If the premise sounds a little shallow, you may be intrigued to know that Mike and Dave Need Wedding Dates is actually based on a true story (sort of). And that the real Stangle brothers actually did take out an ad in which they describe themselves as “in our 20s, single, dashingly tall, Anglo-Saxon, respectfully athletic, love to party, completely house-trained, relaxed, passionate, smell great, have cool hair, clean up nice, boast great tie collections, will promise to shave, love our mother, have seen Love Actually several times, controversial, provocative, short-sighted (with a big picture mentality), raw, emotional, sensitive but still bad boys...” Hardly surprising the response was so overwhelming…

This being America (well, that being America…) the ad made the news, the boys went on to write a book, and a movie deal followed. However, as penned by Andrew Jay Cohen and Brendan O’Brien, the resultant brothers do not quite fit the above description. The boyish charm inferred from the above advert is substituted with the sort of specimen that normally populates this kind of movie – one-dimensional frat boy types that fall into the trap of clichéd sex, drug, and alcohol-based humour, foul language, and a series of raunchy gags in place of a narrative.

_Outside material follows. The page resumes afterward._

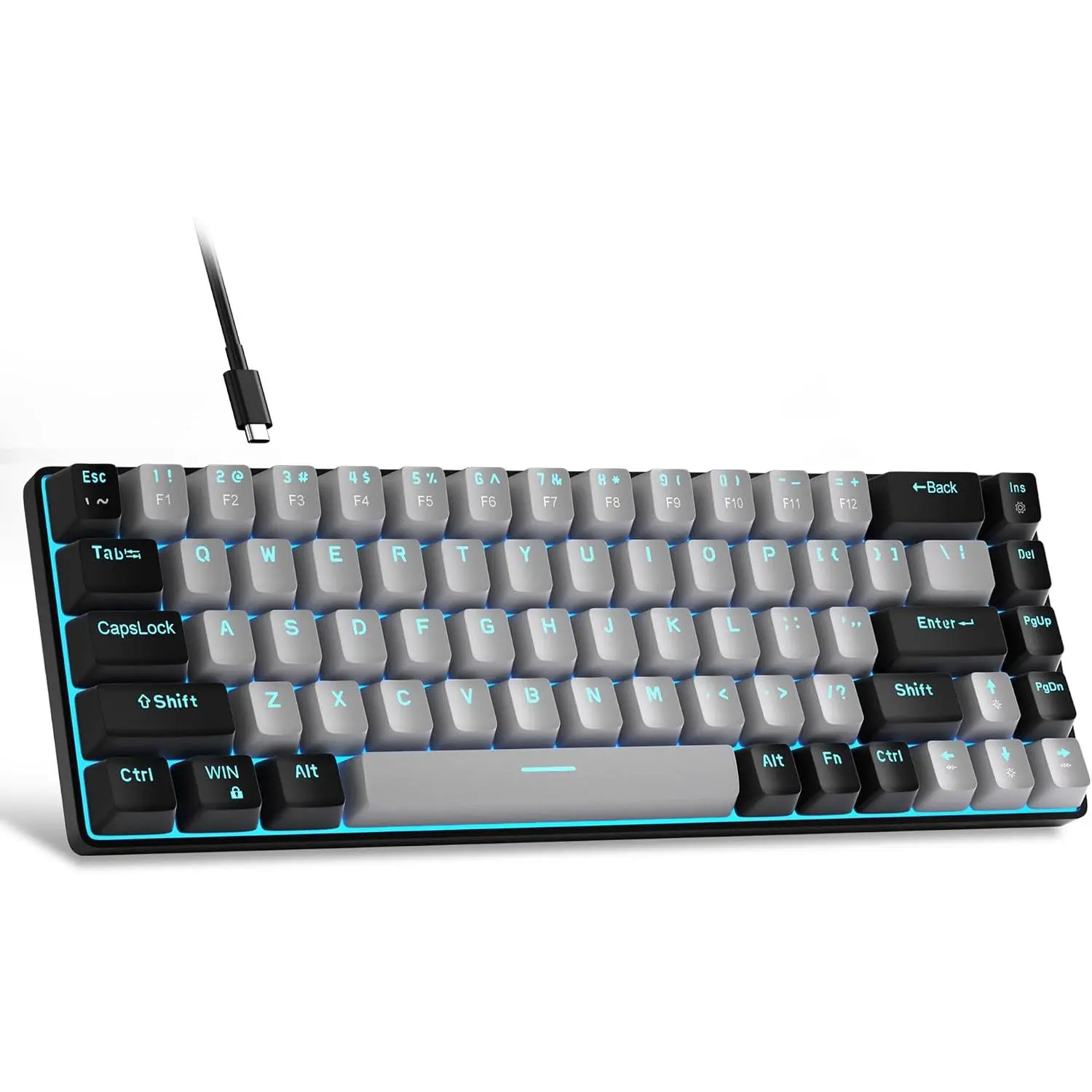 60% Compact 68-Key Portable Mechanical Gaming Keyboard, MK-Box LED Backlit Wired Office Keyboard with Mechanical Keys for Gaming Users, Windows Laptops & PCs - Grey/Black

There are moments of sporadic humour – I admit I laughed when a stunt with a quad bike in the lush park where the Jurassic Park movie was set goes horribly wrong. The brothers’ lesbian cousin Terry’s flirting with Tatiana, although at times rather graphic, does raise a giggle. But many of the other gags just fall flat and, a scene where Jeanie gets a massage with a ‘happy ending’, does go on way too long.

That you don’t completely dislike the characters is down to the performances of the main ones, especially Efron, Kendrick and Plaza, who mine as much as they can from the material. Efron has successfully moved away from the teen movies that made his name via some solid dramatic roles.

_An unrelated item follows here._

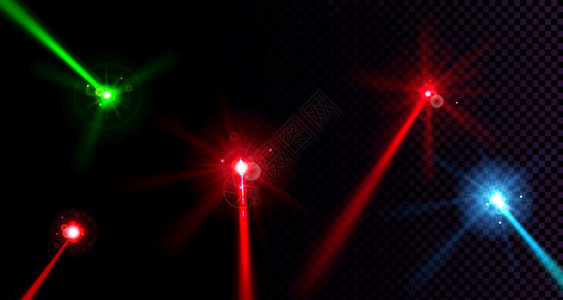 激光束设置在透明背景上矢量现实的射线模拟带有光效应和镜头照明弹红色绿和蓝拉泽光线黑暗中的亮光线红绿和蓝色激束具有效应图片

Thanks to the two Bad Neighbours movies he has shown some considerable comedy chops, while still pandering to the audience that made his name by, as per usual, removing his shirt at a couple of points.

He shares some perfect chemistry with Kendrick, who raises much of the giggles with her lovelorn Alice, who is still suffering the after effects of being jilted at the altar and drowns her sorrows by consuming copious amounts of alcohol and engaging in kooky and bizarre behaviour.

Aubrey Plaza is a revelation. Her Tatiana is droll, dry and deadly in attitude and performance. She gives as good as she gets and easily walks away with most scenes she is in. Of the foursome, the weakest link is Adam Devine’s Mike, saddled with the typical arrested development 20-something role whose performance adds up to little more than mugging at the camera.